Work instruction
When you transcribe the lines below, keep every word the same and leave the pictures behind.

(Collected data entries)
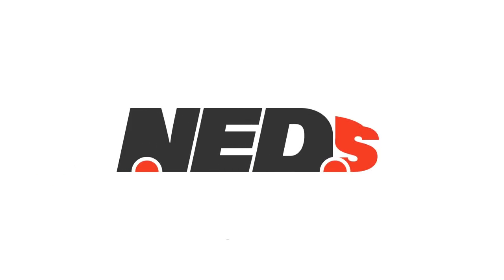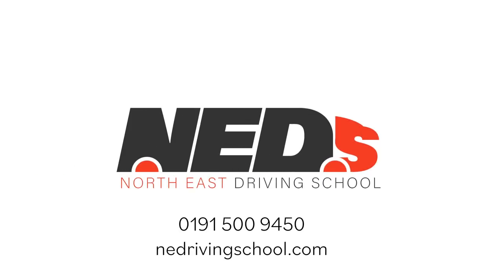Call 0191 500 9450 or visit our website to kickstart your forklift training the right way.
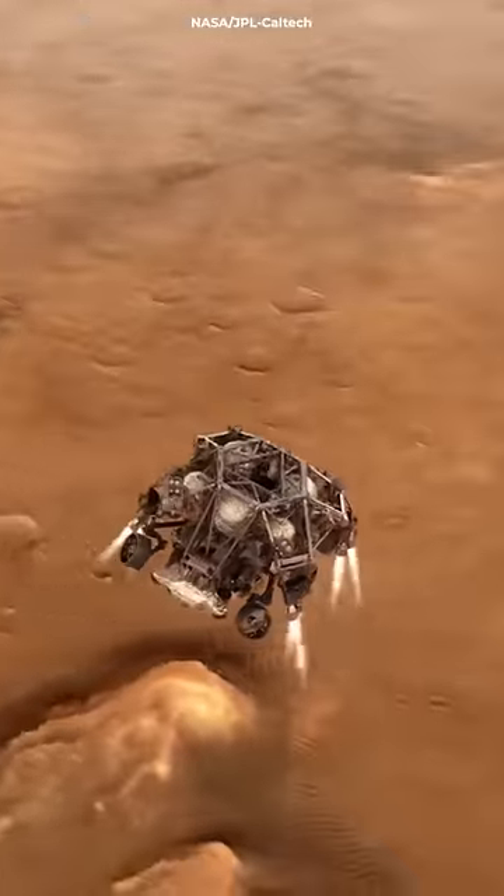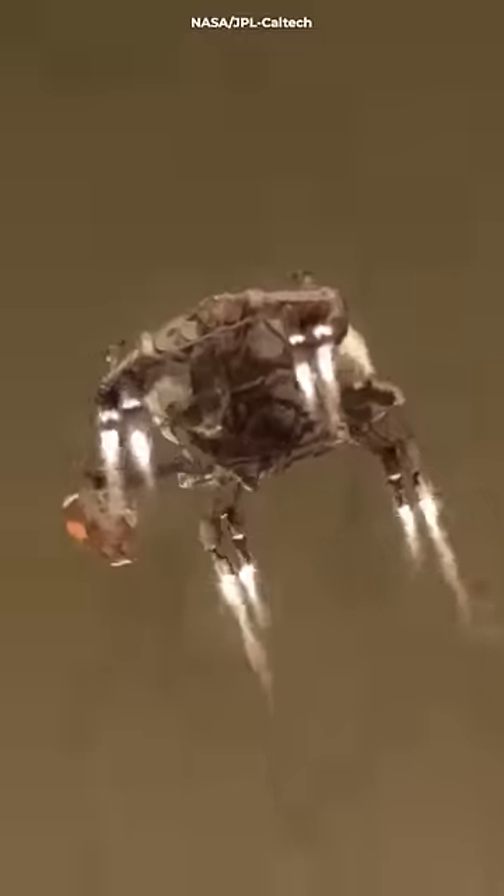The craft discards pieces of the module as it descends, and these pieces can land in different locations on the planet's surface. There may be a lower heat shield in one place and a parachute in another.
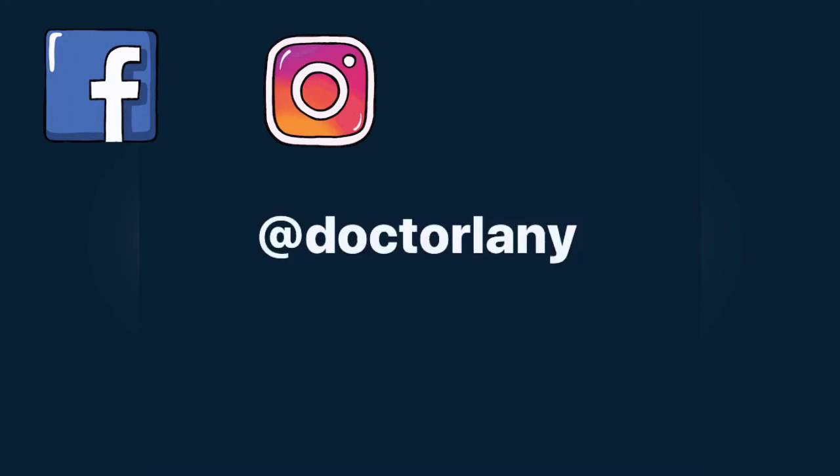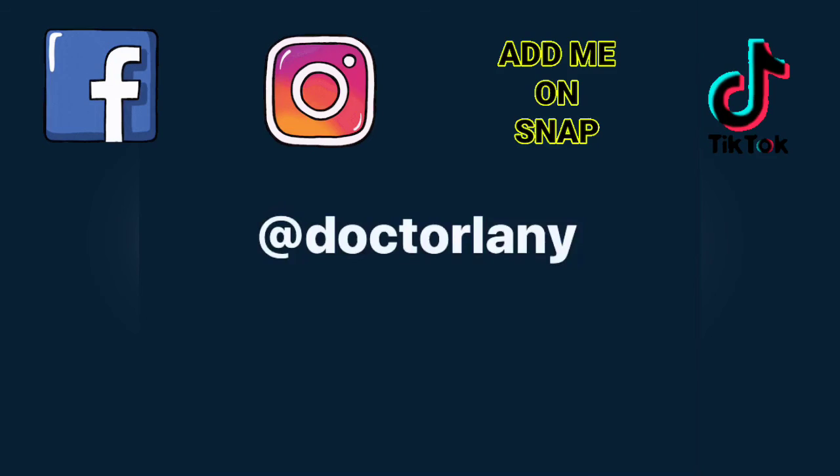New videos are posted to YouTube every Friday. I'm easy to find — search Dr. Lainey in the YouTube search bar. And don't forget to follow me on Facebook, Instagram, Snapchat, and TikTok at Dr. Lainey.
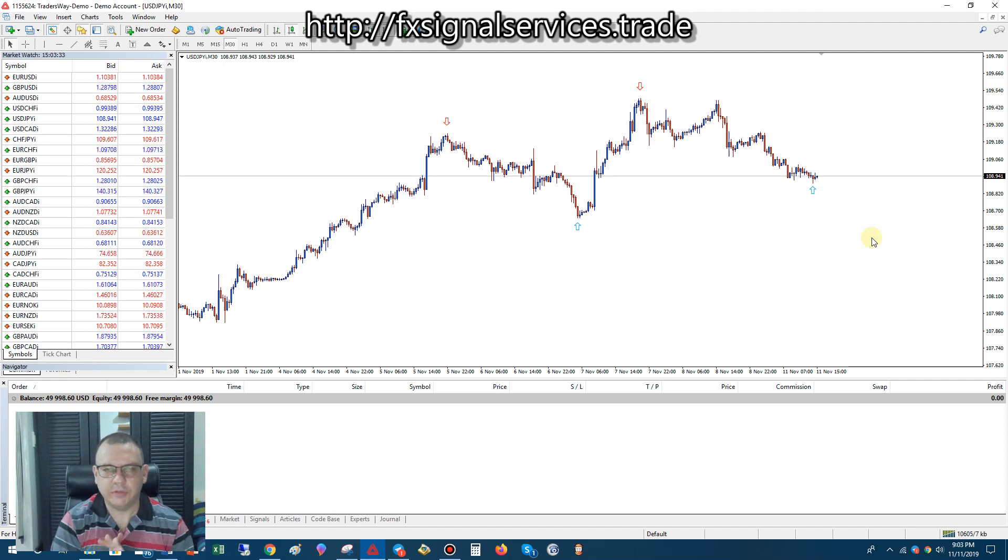Hello, good afternoon. This is David Soto talking to you and today is my free daily signal for Monday, November 11th, 2019. The signal I'm going to share with you is for USDJPY and it's a buy, at least according to the 30-minute chart, which I base all my signals on.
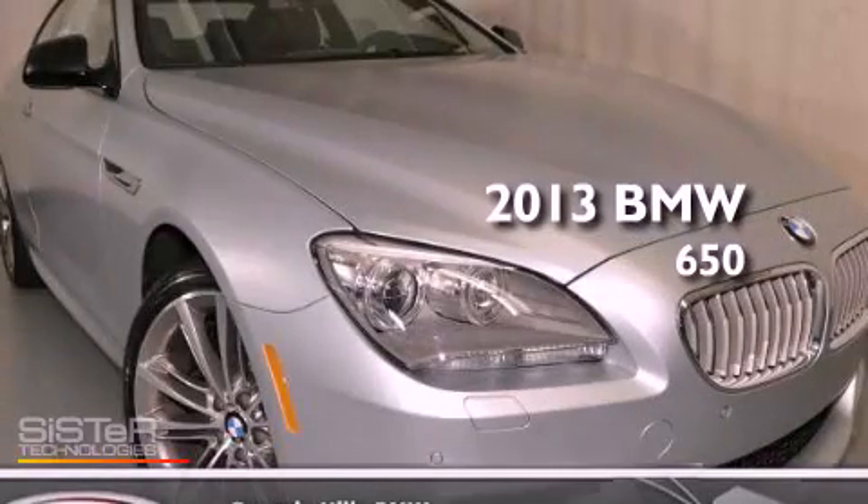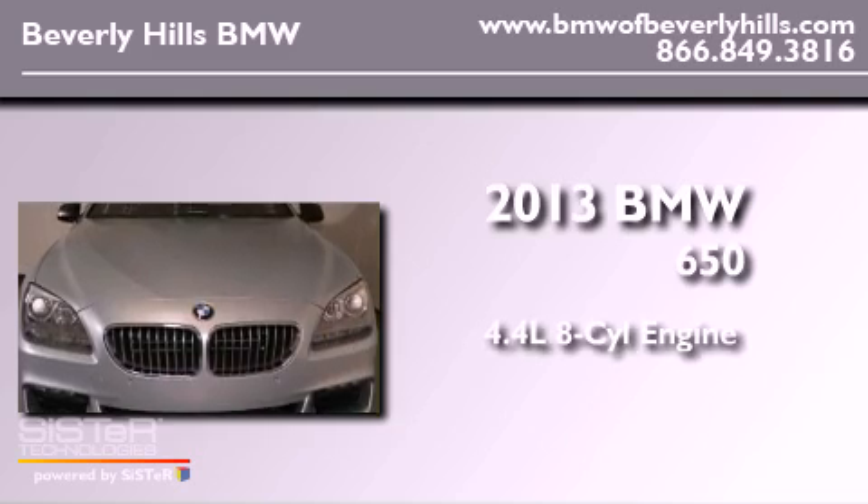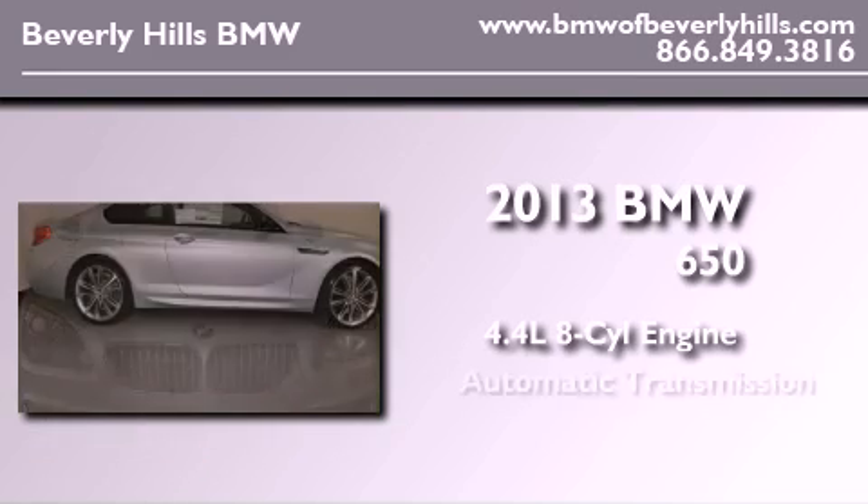This is a brand new 2013 BMW 650. It features a 4.4-liter, 8-cylinder engine and an automatic transmission.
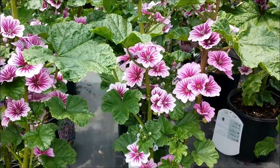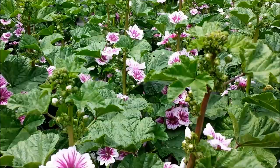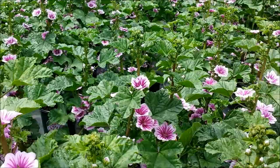An old time favourite of gardens everywhere, and especially cottage style gardens, this is the French Mallow or Malva Silvestris Sabrina. With its lovely striped flowers and lots and lots of flower buds, here's a perennial that starts in early summer and continues all the way through to the fall.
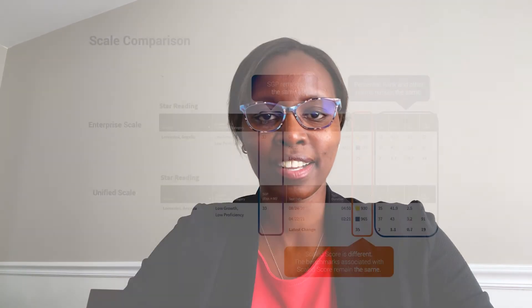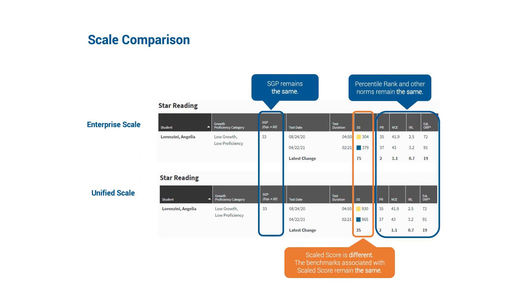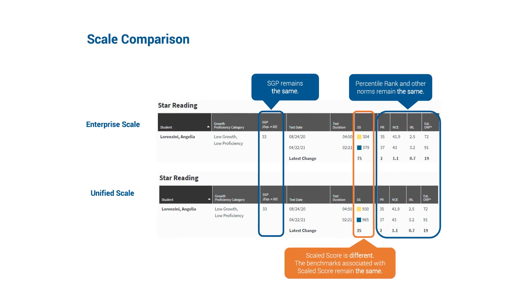Do not worry about what this means for your scores — they're not really changing in meaning. What you will see is a shift of the scaled scores from one scale to the next, similar to what we do with temperature. It's freezing whether it's zero degrees Celsius or 32 degrees Fahrenheit. The meaning of your scores does not change. So your percentile ranks, your benchmarks, and all of the scores that you have come to love will remain the same.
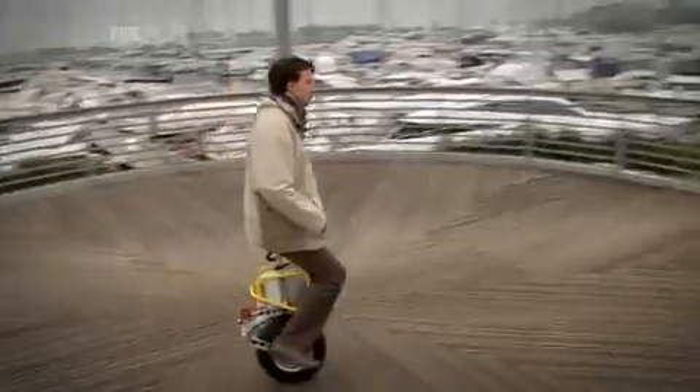Its inventor, Alexander Polutnik, has only ever made two, but despite their rarity, he's promised me the chance to ride one of them.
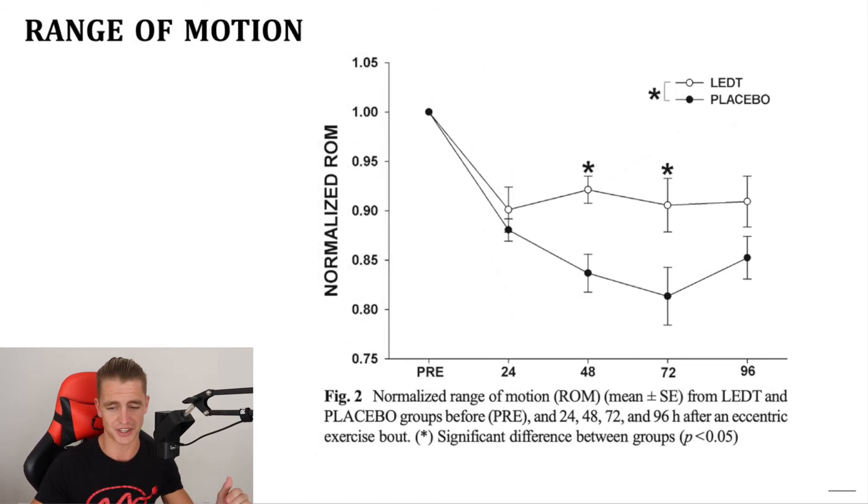The last marker is range of motion. If you've done a lot of bicep curls you'll notice you can't straighten out your arm again for a few days afterwards — that's because muscle damage doesn't allow you to completely stretch that muscle. When they tested range of motion, both groups took a hard knock after 24 hours, dropping to about 90 percent. The group that didn't receive red light therapy kept decreasing — at the three-day mark they were below 85 percent, around 82 percent of their normalized range of motion — whereas the people who did receive red light therapy hovered around the 90 percent mark.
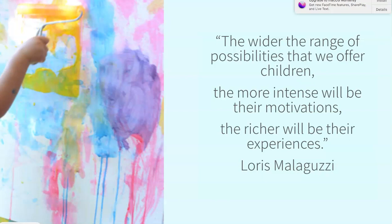Loris Malaguzzi was one of the leaders in Reggio Emilia after World War II. When they were putting together their early learning program, it was really the women in the community looking for somewhere for their children to be while they returned to work. He immediately saw the benefits of this program and added his expertise. This is one of his famous quotes: 'The wider the range of possibilities we offer children, the more intense will be their motivations, the richer will be their experiences.' As he developed the 100 languages of children — 100 ways that children can express their thinking and feeling — that exhibit traveled around the world, and this quote followed it.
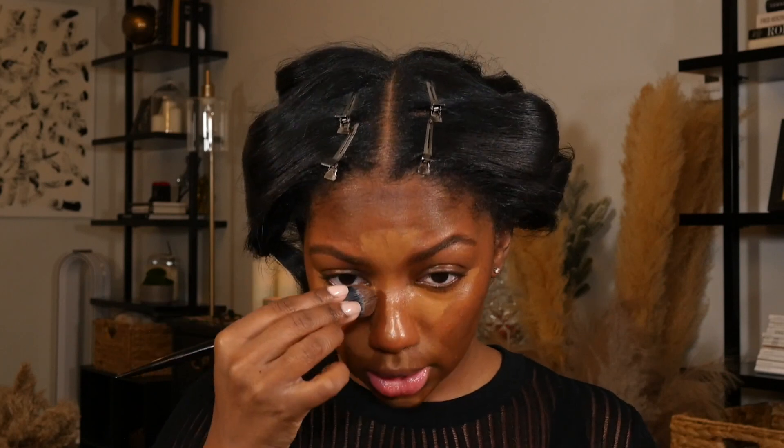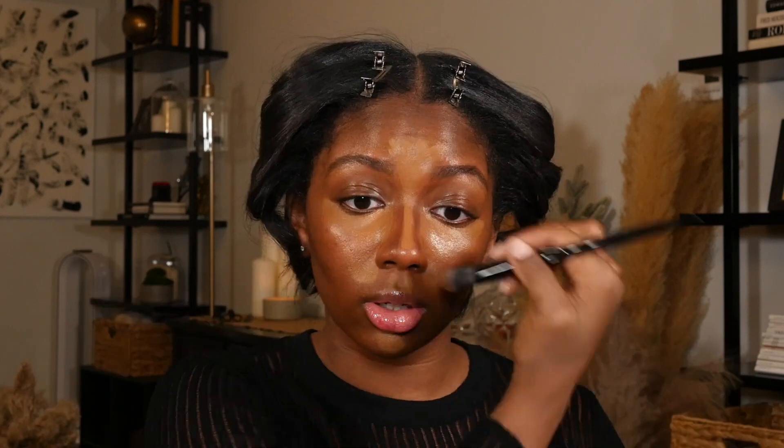Before I blend, I'm going to lay down my contour. This is the NARS Laguna cream bronzer in shade Laguna 5 — it's the darkest shade. I really like this bronzer, though if someone has a really deep ebony skin tone, this shade probably won't show up for them. I like to use a bronzer because cool-toned contours don't look great on me, but what I'm doing is technically contouring — adding shadows to the hollows of my cheeks, forehead, and nose. I apply it with a flat foundation brush from Azia Beauty.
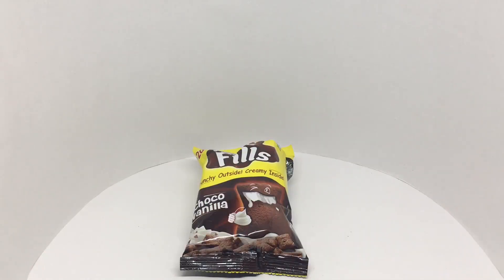Quite a yummy snack. Quite nice. Check it out.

Solution to this task
Call 0191 500 9450 or visit our website to kickstart your forklift training the right way.
The craft discards pieces of the module as it descends, and these pieces can land in different locations on the planet's surface. There may be a lower heat shield in one place and a parachute in another.
New videos are posted to YouTube every Friday. I'm easy to find — search Dr. Lainey in the YouTube search bar. And don't forget to follow me on Facebook, Instagram, Snapchat, and TikTok at Dr. Lainey.
Hello, good afternoon. This is David Soto talking to you and today is my free daily signal for Monday, November 11th, 2019. The signal I'm going to share with you is for USDJPY and it's a buy, at least according to the 30-minute chart, which I base all my signals on.
This is a brand new 2013 BMW 650. It features a 4.4-liter, 8-cylinder engine and an automatic transmission.
An old time favourite of gardens everywhere, and especially cottage style gardens, this is the French Mallow or Malva Silvestris Sabrina. With its lovely striped flowers and lots and lots of flower buds, here's a perennial that starts in early summer and continues all the way through to the fall.
Do not worry about what this means for your scores — they're not really changing in meaning. What you will see is a shift of the scaled scores from one scale to the next, similar to what we do with temperature. It's freezing whether it's zero degrees Celsius or 32 degrees Fahrenheit. The meaning of your scores does not change. So your percentile ranks, your benchmarks, and all of the scores that you have come to love will remain the same.
Its inventor, Alexander Polutnik, has only ever made two, but despite their rarity, he's promised me the chance to ride one of them.
The last marker is range of motion. If you've done a lot of bicep curls you'll notice you can't straighten out your arm again for a few days afterwards — that's because muscle damage doesn't allow you to completely stretch that muscle. When they tested range of motion, both groups took a hard knock after 24 hours, dropping to about 90 percent. The group that didn't receive red light therapy kept decreasing — at the three-day mark they were below 85 percent, around 82 percent of their normalized range of motion — whereas the people who did receive red light therapy hovered around the 90 percent mark.
Loris Malaguzzi was one of the leaders in Reggio Emilia after World War II. When they were putting together their early learning program, it was really the women in the community looking for somewhere for their children to be while they returned to work. He immediately saw the benefits of this program and added his expertise. This is one of his famous quotes: 'The wider the range of possibilities we offer children, the more intense will be their motivations, the richer will be their experiences.' As he developed the 100 languages of children — 100 ways that children can express their thinking and feeling — that exhibit traveled around the world, and this quote followed it.
Before I blend, I'm going to lay down my contour. This is the NARS Laguna cream bronzer in shade Laguna 5 — it's the darkest shade. I really like this bronzer, though if someone has a really deep ebony skin tone, this shade probably won't show up for them. I like to use a bronzer because cool-toned contours don't look great on me, but what I'm doing is technically contouring — adding shadows to the hollows of my cheeks, forehead, and nose. I apply it with a flat foundation brush from Azia Beauty.
Quite a yummy snack. Quite nice. Check it out.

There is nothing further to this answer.